Loss of Depth
I inherited an SLR minolta camera when I was 13. It should have been as old as me (1990). The photometer of the camera was not working and there was no feedback loop for the camera to tell me when to adjust the aperture or the shutter speed to get the intended result. So till I saw the developed photograph I had no way of knowing how my calculations would turn out. As a result I developed an acute awareness of what impact, factors like light, atmospheric conditions (heat or cold) would make on the photograph and how I could arrive at the desired result by adjusting aperture or shutterspeed.
With the advent of the digital cameras all these skills became worthless. You could see the final result the photograph along with the changes you made on the settings from the LCD display. This change enabled all unskilled to become as good as the skilled. What I miss is that acute awareness or oneness I uses to feel with my surroundings and the forecasts I made about the impact, the change I could influence by changing shutterspeed or aperture and the sheer triumph I felt when the forecast and the change I intend came true. The upside is all these skills became democratised and ordinary. Before the advent of excel mathematical geniuses and chart makers were highly regarded for their skills. Excel democratised mathematics and visual display of information a skill that can be acquired by all and sundry.
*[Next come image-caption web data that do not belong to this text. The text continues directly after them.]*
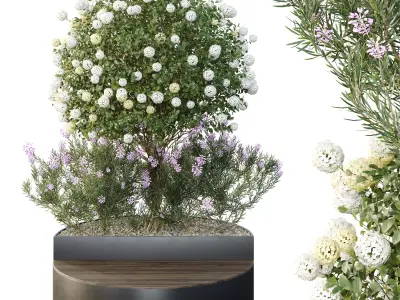 Tree and bush garden box outdoor VOL 20 Free 3D model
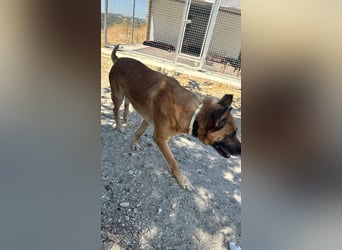 Wundervolle Schäferhundmix Hundeseele MATOUK sucht ein Zuhause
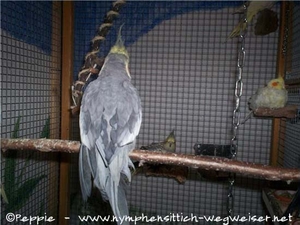 Lindbergh von hinten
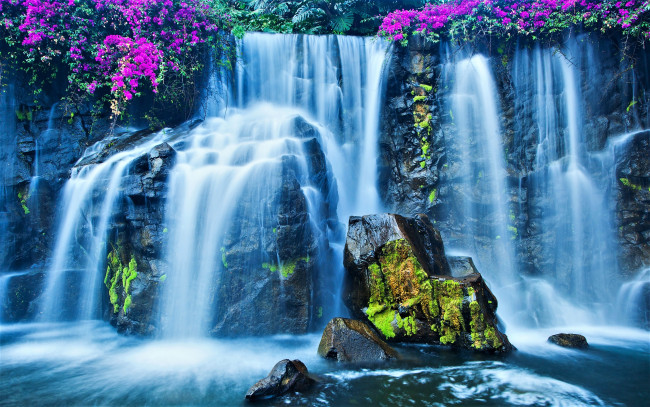 Обои картинки фото природа, водопады, водопад, цветы, камень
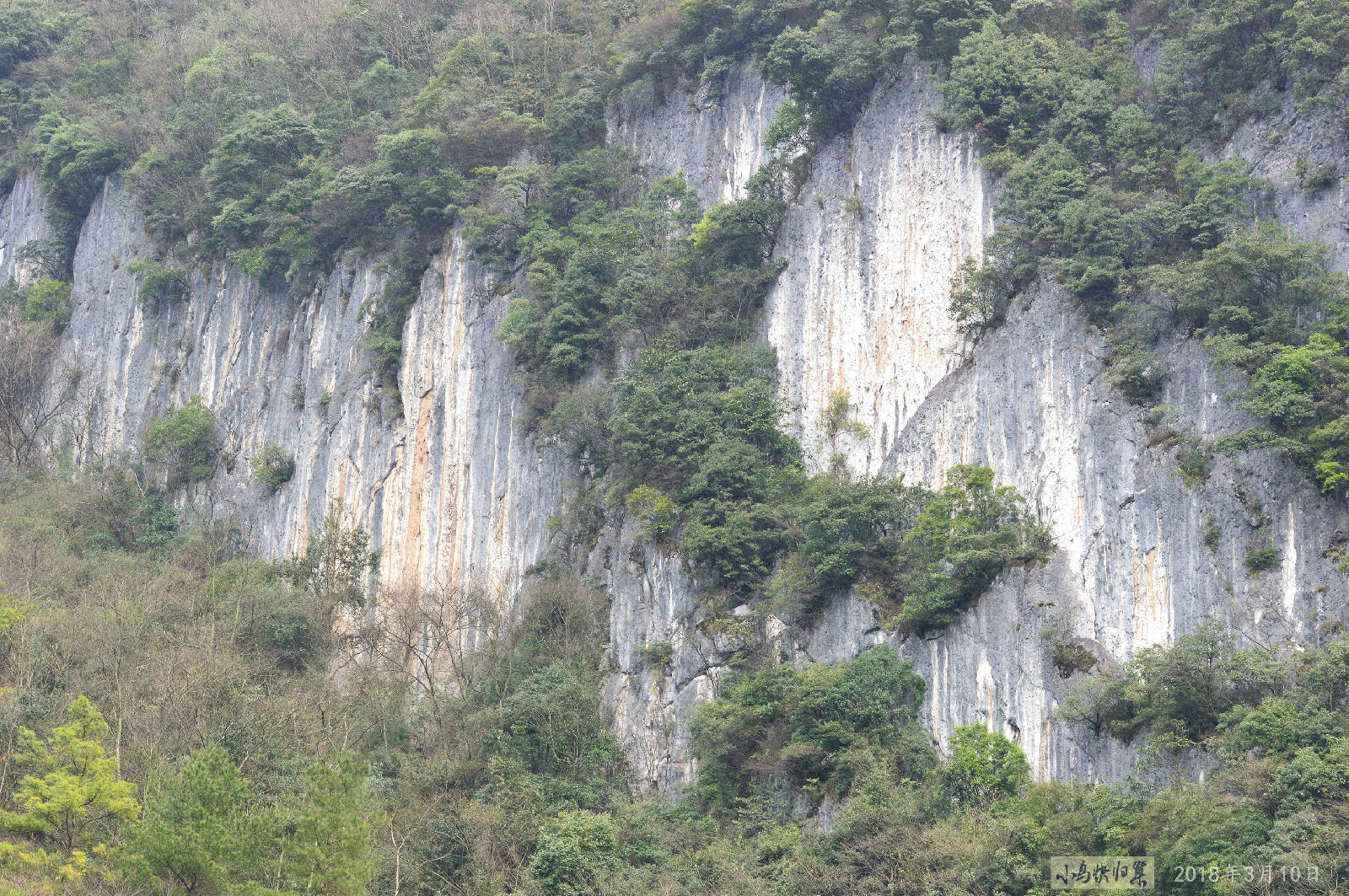 DSC_0085.JPG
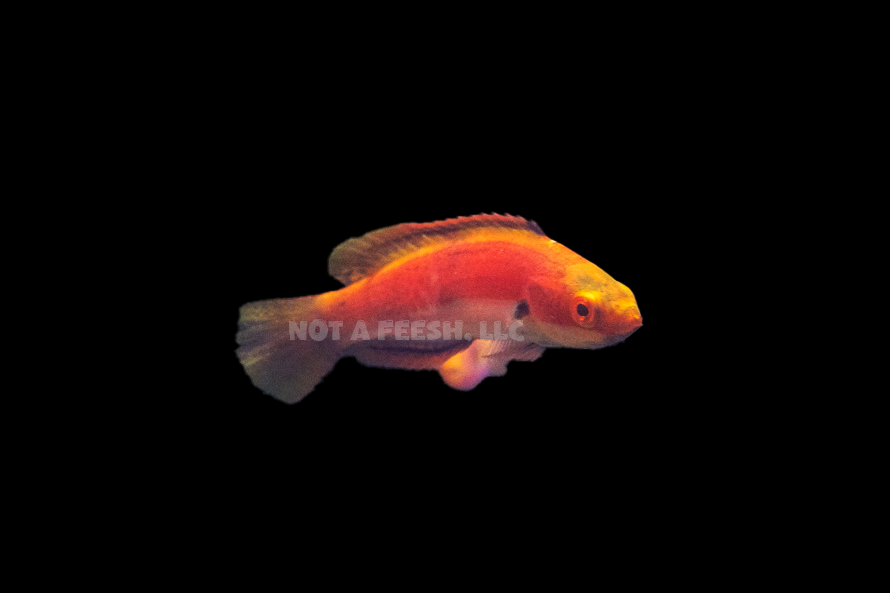 Quarantined Katherine's wrasse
Personal loss and wonder of a selected group became collective gain and mundane utility of the masses.
A story of triumph, feels like a class war victory. Is it really so?
Who benefits when people use excel, who benefits when people use Canon or Nikon digital SLR camera? Who benefits when people use photosharing sites like flickr or facebook or picasa or Twitter
That question is discussed in Life – How the World became a corporation and how to take it back. What I want to discuss is the loss of depth, the sense of wonder, the sense of oneness that happened as a result of the demorcatisation of the skillset. And when generations go by you lose knowledge even the existence of such skill sets and pass on to a different mindset altogether. That is discussed in ‘Avatar’ by James Cameroon.
When I look at Florence Nightingale’s charts which was used to tell the Monarch that soldiers were dying more of unhygienic living conditions than from wounds from war, I can pitch the skill of Hans Rosling, the celebrity who statistician who does magic with charts on TED stages in the light it belongs. (Nightingale did not have any software or excel)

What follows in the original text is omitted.